Выбрать главу

– Он сын священника. И сам учился в семинарии пару лет. До тех пор, пока его овдовевший отец не принял постриг. Юношу тут же прозвали «монаший сын».

– Ужасно. Поэтому он захотел разнести в клочья Государя?

– Никого он не хотел разнести, votre Excellence. Он в народ ходил. С книжками. Ну, а потом каторга, побег, впрочем, вы все это и без меня знаете.

– Как забавно, – опять сказала она и наклонила голову. – Опять рассказываете вы, а не я.

– С удовольствием возвращаю вам жезл рапсода. Давеча господин Лавров язвил по поводу вовлеченности Николая Ивановича в хозяйственные дела пансиона.

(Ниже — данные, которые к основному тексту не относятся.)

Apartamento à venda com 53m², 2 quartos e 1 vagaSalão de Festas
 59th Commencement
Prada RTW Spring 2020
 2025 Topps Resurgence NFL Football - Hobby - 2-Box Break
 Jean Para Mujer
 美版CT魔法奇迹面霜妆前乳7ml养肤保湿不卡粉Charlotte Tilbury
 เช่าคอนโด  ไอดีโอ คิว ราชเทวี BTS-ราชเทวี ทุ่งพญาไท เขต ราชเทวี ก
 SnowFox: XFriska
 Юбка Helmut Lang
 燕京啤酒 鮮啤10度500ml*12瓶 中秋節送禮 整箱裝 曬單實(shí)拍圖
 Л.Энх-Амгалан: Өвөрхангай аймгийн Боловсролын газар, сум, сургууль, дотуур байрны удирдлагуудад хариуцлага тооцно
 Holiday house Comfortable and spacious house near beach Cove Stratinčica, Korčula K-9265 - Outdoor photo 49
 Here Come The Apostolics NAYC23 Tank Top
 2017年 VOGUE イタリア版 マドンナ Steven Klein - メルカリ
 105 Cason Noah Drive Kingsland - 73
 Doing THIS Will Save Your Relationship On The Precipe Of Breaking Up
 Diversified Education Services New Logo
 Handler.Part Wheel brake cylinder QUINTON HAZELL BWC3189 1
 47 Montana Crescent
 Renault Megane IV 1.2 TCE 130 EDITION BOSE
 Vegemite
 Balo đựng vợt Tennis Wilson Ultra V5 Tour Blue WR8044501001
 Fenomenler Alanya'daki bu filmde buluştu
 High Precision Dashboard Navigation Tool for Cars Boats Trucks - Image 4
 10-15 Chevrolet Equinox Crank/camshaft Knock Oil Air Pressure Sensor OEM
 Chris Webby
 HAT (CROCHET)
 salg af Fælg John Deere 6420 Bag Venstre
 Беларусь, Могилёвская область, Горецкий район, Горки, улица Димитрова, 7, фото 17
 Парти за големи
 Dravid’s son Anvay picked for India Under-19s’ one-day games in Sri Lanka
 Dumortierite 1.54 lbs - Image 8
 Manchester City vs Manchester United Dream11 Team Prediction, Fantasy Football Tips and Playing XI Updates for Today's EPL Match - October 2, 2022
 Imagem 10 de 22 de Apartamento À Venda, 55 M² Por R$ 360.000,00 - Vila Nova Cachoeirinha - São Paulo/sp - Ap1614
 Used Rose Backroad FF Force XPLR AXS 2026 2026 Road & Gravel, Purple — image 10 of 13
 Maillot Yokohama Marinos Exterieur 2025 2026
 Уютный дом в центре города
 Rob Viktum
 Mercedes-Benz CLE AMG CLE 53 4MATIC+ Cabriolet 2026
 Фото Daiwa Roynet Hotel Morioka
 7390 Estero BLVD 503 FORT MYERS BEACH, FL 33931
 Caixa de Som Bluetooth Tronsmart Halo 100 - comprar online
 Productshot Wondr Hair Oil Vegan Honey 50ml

– Они вообще не очень поладили, – она снова кивнула. – Господин Скляров не нашёл ничего предосудительного, что секретаря господина Лаврова разместили в комнате, выходящей на горы, рядом с Луизой Фёдоровной. Лавров назвал Склярова «отставным социалистом».

Маркевич рассмеялся.

– Я тоже нашла это забавным. А вот господин Скляров нахохлился и два дня с Лавровым не разговаривал. Госпоже Лавровой пришлось их мирить.

– А господин Фишер так и остался в задней комнате.

– Его, судя по всему, это беспокоит меньше всего. Правда, он, кажется, кашляет, а Луиза Фёдоровна находит, что в задних комнатах сыровато. Но он держится молодцом. Его полное имя – Товия Гершев Фишер. Впрочем, Лавровы зовут его Глебом Григорьевичем, так как «Товия» означает «угодный богу», а «Глеб» якобы – производное от «Готлиб», что то же самое, только по-немецки. Впервые в жизни живу под одним кровом с иудеем.

– И как вам?

– «Теперь столкнулись с нигилистом, сим кровожадным чадом тьмы». Он мне нравится, что скрывать. Он вовсе не дикарь и от него не пахнет чесноком, если вы это имеете в виду.

«Её корпулентность добавляет ей обаяния. Полные люди вообще в возрасте выглядят добрее. И её блестящий ум уже не выглядит таким вызывающим. Александрин, которая, конечно, во всём ей ровня, иначе они не смогли бы подружиться, в старости будет не такой. Будет прямой и элегантной, как бизань, но все равно – “злой старухой”, méchante staruha. Именно потому что сохранит свою девичью фигуру».

– Зачем брать с собой на курорт секретаря? Господин Лавров здесь работает?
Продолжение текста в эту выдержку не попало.